[EM] STV question (was: re: Hare clustering)
Colin Champion
colin.champion at routemaster.app
Thu Feb 10 03:33:22 PST 2022
Kristofer - thanks for your reply. Maybe I'm missing something - I'm
afraid I don't really understand PR. If you have a model of the
electoral process, you can ask what result it should ideally produce for
a given set of candidates, but you can also ask what will be the ideal
result if the candidates are such as allow the voters to express their
real attributes - their level of class selfishness or sense of social
justice or greenness or jingoism or whatever. When I read about PR, I
get the impression that a division into parties is assumed as
pre-existing, whereas when people talk about single-member voting they
discuss the effect of the electoral system on the party structure. I
feel that this latter factor needs to be taken into account.
Suppose that the voters are uniformly distributed over a circular disc
centred on the origin. Then if a single candidate is elected, he should
be at O. If there are two seats, the winning candidates can be at
(-0.4,0) and (+0.4,0). This corresponds to your own 1-D account if the
parties are left and right, but they could also be up and down.
If there are 3 seats, then the winners should be 120 degrees apart. A
feature which ties this to single-member elections is that when we
divide the circle into three 120-degree segments, the ideal candidate
for each segment is the one whose average distance to voters in the
segment is least - ie. the ideal single-member winner.
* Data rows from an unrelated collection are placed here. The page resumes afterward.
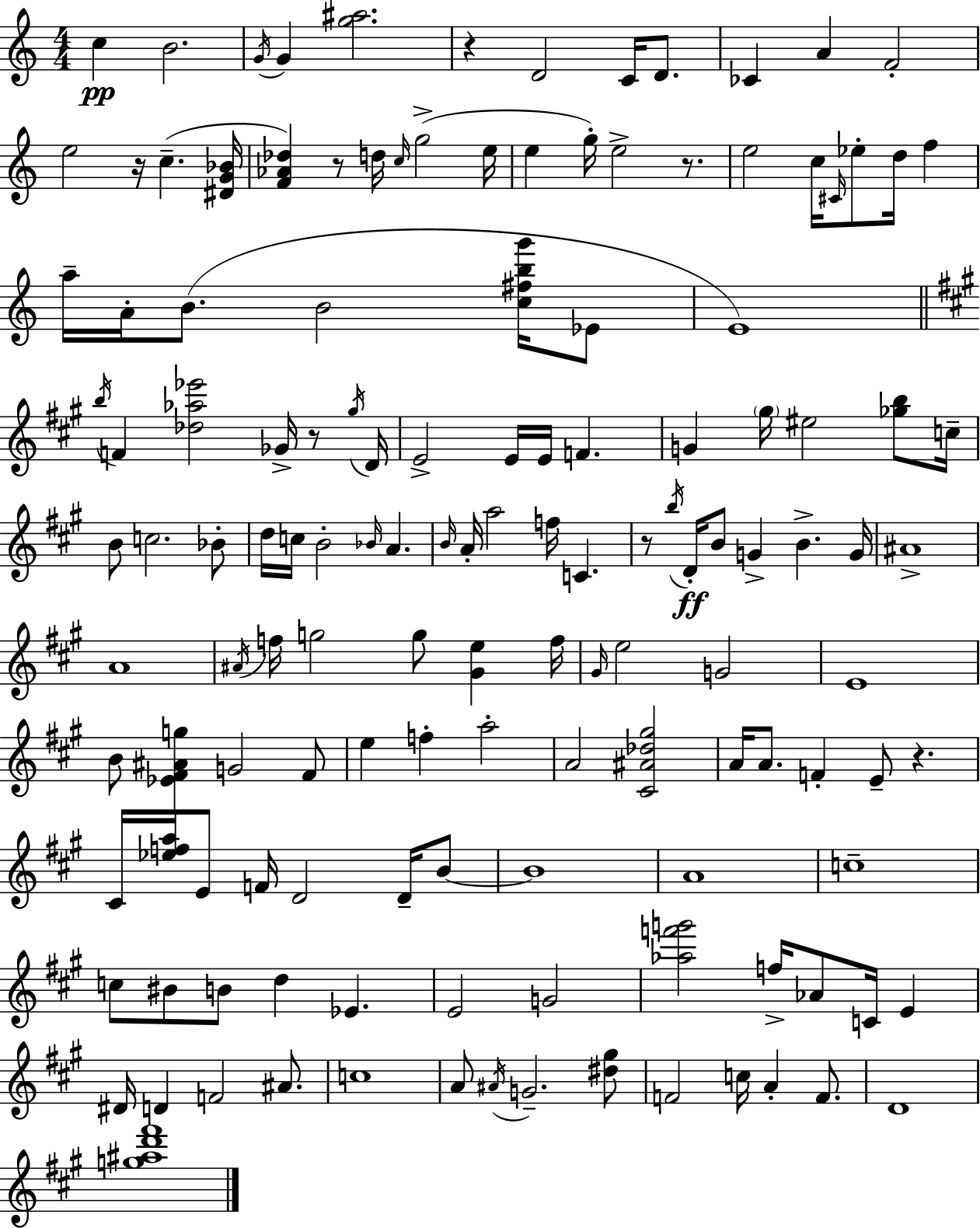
{
  \clef treble
  \numericTimeSignature
  \time 4/4
  \key a \minor
  c''4\pp b'2. | \acciaccatura { g'16 } g'4 <g'' ais''>2. | r4 d'2 c'16 d'8. | ces'4 a'4 f'2-. | \break e''2 r16 c''4.--( | <dis' g' bes'>16 <f' aes' des''>4) r8 d''16 \grace { c''16 }( g''2-> | e''16 e''4 g''16-.) e''2-> r8. | e''2 c''16 \grace { cis'16 } ees''8-. d''16 f''4 | \break a''16-- a'16-. b'8.( b'2 | <c'' fis'' b'' g'''>16 ees'8 e'1) | \bar "||" \break \key a \major \acciaccatura { b''16 } f'4 <des'' aes'' ees'''>2 ges'16-> r8 | \acciaccatura { gis''16 } d'16 e'2-> e'16 e'16 f'4. | g'4 \parenthesize gis''16 eis''2 <ges'' b''>8 | c''16-- b'8 c''2. | \break bes'8-. d''16 c''16 b'2-. \grace { bes'16 } a'4. | \grace { b'16 } a'16-. a''2 f''16 c'4. | r8 \acciaccatura { b''16 }\ff d'16-. b'8 g'4-> b'4.-> | g'16 ais'1-> | \break a'1 | \acciaccatura { ais'16 } f''16 g''2 g''8 | <gis' e''>4 f''16 \grace { gis'16 } e''2 g'2 | e'1 | \break b'8 <ees' fis' ais' g''>4 g'2 | fis'8 e''4 f''4-. a''2-. | a'2 <cis' ais' des'' gis''>2 | a'16 a'8. f'4-. e'8-- | \break r4. cis'16 <ees'' f'' a''>16 e'8 f'16 d'2 | d'16-- b'8~~ b'1 | a'1 | c''1-- | \break c''8 bis'8 b'8 d''4 | ees'4. e'2 g'2 | <aes'' f''' g'''>2 f''16-> | aes'8 c'16 e'4 dis'16 d'4 f'2 | \break ais'8. c''1 | a'8 \acciaccatura { ais'16 } g'2.-- | <dis'' gis''>8 f'2 | c''16 a'4-. f'8. d'1 | \break <g'' ais'' d''' fis'''>1 | \bar "|."
}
I understood your
original post as partitioning voters into clusters based on their
rankings of candidates, and then electing one candidate per partition.
But I understood your partitioning as derived from a given set of
candidates rather than asking what set of candidates may lead to the
best result.
If there are 5 seats, perhaps the ideal set of winners is a candidate at
O and four other candidates 90 degrees apart. When the number of seats
is large, we pack them like oranges in a crate.